■ **Aim of the exercise**: Using the word "living" as the filter, copy each matching line from the records.

____________________

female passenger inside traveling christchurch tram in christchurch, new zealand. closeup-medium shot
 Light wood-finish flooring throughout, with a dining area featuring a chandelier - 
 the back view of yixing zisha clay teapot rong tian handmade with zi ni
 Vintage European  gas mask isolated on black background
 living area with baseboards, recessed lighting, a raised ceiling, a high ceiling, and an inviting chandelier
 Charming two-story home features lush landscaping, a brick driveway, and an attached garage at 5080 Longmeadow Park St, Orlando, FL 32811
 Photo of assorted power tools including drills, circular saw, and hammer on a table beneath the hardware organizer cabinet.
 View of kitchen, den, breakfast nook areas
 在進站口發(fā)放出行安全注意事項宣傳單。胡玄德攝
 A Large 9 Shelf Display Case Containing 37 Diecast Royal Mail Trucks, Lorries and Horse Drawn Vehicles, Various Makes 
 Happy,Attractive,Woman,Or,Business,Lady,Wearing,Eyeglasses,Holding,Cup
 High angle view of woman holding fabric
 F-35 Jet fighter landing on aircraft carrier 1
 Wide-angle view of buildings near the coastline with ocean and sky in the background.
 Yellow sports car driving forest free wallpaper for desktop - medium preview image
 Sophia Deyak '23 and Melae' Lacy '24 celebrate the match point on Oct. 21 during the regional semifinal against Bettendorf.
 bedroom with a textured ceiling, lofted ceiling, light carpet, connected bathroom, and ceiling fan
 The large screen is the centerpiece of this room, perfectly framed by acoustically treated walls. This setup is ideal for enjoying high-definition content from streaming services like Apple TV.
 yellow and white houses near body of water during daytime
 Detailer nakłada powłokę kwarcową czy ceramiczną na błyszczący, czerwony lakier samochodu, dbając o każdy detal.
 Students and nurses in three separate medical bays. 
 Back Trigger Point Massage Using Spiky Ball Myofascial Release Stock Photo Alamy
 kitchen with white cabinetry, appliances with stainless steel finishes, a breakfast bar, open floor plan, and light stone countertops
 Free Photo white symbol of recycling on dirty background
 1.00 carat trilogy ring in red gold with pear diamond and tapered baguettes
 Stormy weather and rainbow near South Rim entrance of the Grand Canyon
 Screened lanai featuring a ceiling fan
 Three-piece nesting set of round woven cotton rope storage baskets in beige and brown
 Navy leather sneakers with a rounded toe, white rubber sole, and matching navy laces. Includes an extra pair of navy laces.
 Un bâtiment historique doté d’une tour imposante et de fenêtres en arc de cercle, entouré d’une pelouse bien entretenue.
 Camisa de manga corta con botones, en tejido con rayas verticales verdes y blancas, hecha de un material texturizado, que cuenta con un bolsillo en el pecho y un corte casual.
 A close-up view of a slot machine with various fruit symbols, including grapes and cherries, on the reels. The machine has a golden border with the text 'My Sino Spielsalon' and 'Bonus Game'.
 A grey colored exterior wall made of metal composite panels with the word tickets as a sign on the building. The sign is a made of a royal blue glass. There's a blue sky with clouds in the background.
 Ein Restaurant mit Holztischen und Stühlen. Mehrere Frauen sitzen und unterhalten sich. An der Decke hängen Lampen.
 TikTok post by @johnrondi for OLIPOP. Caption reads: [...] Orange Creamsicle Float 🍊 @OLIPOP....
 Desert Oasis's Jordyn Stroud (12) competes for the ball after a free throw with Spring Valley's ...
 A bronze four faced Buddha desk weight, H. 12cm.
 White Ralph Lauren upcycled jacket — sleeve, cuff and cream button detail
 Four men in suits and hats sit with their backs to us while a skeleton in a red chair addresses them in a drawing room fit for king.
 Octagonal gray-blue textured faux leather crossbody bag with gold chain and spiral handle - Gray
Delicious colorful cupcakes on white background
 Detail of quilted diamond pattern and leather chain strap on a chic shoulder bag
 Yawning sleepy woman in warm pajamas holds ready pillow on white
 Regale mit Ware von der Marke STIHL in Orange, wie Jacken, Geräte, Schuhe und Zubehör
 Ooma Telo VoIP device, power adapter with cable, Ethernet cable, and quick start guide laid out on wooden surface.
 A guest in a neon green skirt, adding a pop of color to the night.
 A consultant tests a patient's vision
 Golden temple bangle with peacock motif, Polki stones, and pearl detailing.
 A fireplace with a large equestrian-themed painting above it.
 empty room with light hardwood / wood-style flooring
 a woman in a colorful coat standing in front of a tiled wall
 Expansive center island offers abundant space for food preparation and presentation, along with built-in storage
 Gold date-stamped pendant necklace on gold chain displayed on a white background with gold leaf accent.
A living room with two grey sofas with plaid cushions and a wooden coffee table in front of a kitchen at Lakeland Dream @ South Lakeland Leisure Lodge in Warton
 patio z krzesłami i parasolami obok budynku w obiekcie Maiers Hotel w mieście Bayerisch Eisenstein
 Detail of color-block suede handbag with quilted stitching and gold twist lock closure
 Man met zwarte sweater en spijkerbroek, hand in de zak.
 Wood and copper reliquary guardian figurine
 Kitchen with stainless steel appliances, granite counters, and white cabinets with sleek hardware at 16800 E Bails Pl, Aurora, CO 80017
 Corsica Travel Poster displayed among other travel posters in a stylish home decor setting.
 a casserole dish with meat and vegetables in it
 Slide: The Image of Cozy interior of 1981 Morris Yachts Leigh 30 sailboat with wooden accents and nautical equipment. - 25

____________________

■ **Expected answer**:
 living area with baseboards, recessed lighting, a raised ceiling, a high ceiling, and an inviting chandelier
A living room with two grey sofas with plaid cushions and a wooden coffee table in front of a kitchen at Lakeland Dream @ South Lakeland Leisure Lodge in Warton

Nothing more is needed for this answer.